Sql-server – Large delete query seems to have frozen

deletesql serversql-server-2008-r2

We ran a delete query on a database with 1.8bn rows. This delete would delete 1.2bn rows.

In hindsight, we would have broken up this query into 100m at a time but we are in a position where it has been running for 24 hours and the log file is at 2Tb which appears to be the maximum size allowed for a log file.

The database is in SIMPLE recovery mode.

Is there any saving this query? Or do we need to just restart the SQL Server and see what happens? Will the database be unusable? Is there anything we can do to kill this off as cleanly as possible?

Best Answer

First of all, check the SQL errorlog to see if it actually hit a max size for the log. If it did, then the query has no hope of completing, it is probably already in a rollback state.

Even if it is, I always prefer to kill the spid manually (use sp_who2 or sp_WhoIsActive to find the spid, then do a kill 59 or whatever). You also can't check the rollback status unless you do an explicit KILL, see this related thread.

Since this is a delete, and not an update or insert, you may be very lucky and find that it rolls back immediately. If not, it may take as long (or longer) to roll back as it did to get to this point.

To see the rollback status, use

kill 59 with statusonly

Unfortunately, I have found this frequently does not show anything useful, just a "0% complete". In that case, you'll have to use sp_who2 and watch the IO and CPU to see if it is still doing something.

Regarding the reboot, this is a grave risk. If the spid is actively rolling back (CPU and IO are changing), then restarting SQL will only take the database offline entirely until the rollback is completely finished (hours and hours). But, if the CPU and IO are not moving, then it may in fact clear it right away. Either way, it is a risk.

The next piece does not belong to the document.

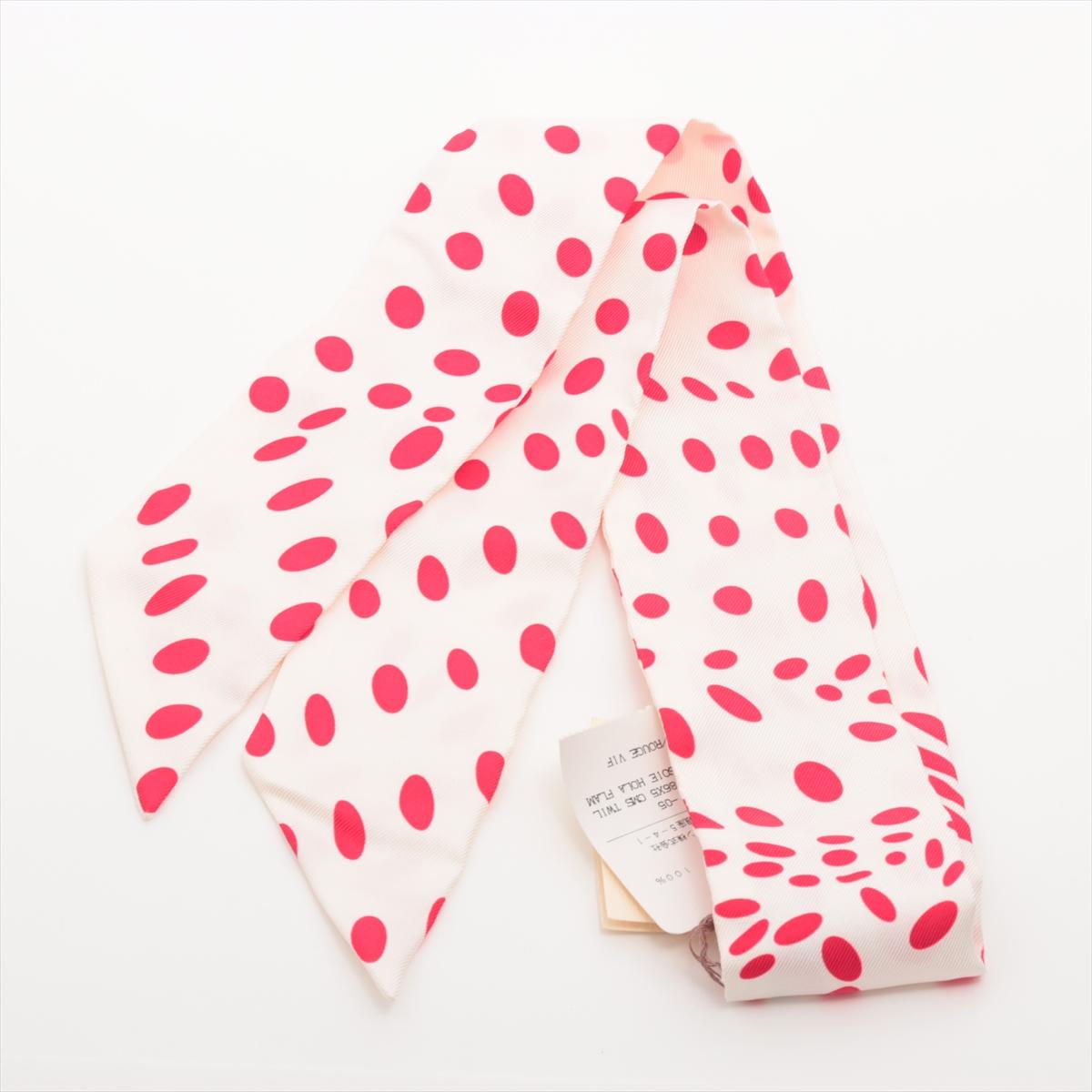 *will ship about 3/10

The Hermès Twilly Hola Flamenca in White and Red is a vibrant and elegant silk accessory that adds a playful touch to any look. Featuring a lively polka dot pattern inspired by the passion and movement of flamenco dance, the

One final option, if things are especially dire: If you have a backup from just before the delete started (and there haven't been other updates to the db), then the fastest way to recover may be to simply drop the DB, restart SQL, and restore from backup.

If you can't drop the DB (or if you already restarted the instance and the sql errorlog is predicting a 24-hour recovery time), then shut down SQL services, delete the MDF and LDF files from disk, start up SQL, drop the (ghost) database, and restore from backup.

Obviously you'd only attempt that if this were a back-end processing database that users didn't interact with.

Related Solutions

Sql-server – Dealing with large log files

If the database is truly static in nature, putting it into read-only mode would prevent log growth. The queries that are causing the growth would fail however, so this might not actually be what you are looking for.

Put the database into simple recovery mode. That way the transaction logs will be routinely truncated. When in full mode, your logs will continue to grow until they are backed up.

USE [master]
GO
ALTER DATABASE [YourDatabase] SET RECOVERY SIMPLE WITH ROLLBACK IMMEDIATE
GO

SQL Server Index – How to Fix Endless Growth

You're confusing a few terms, I think. The ndf file is not an "index file", it is just another database data file to house the data.

It sounds like you have two database data files (the MDF and NDF). With the size of your MDF being so small, my guess would be that your database has two different filegroups (the PRIMARY filegroup using the MDF, and the "other" filegroup using the NDF file).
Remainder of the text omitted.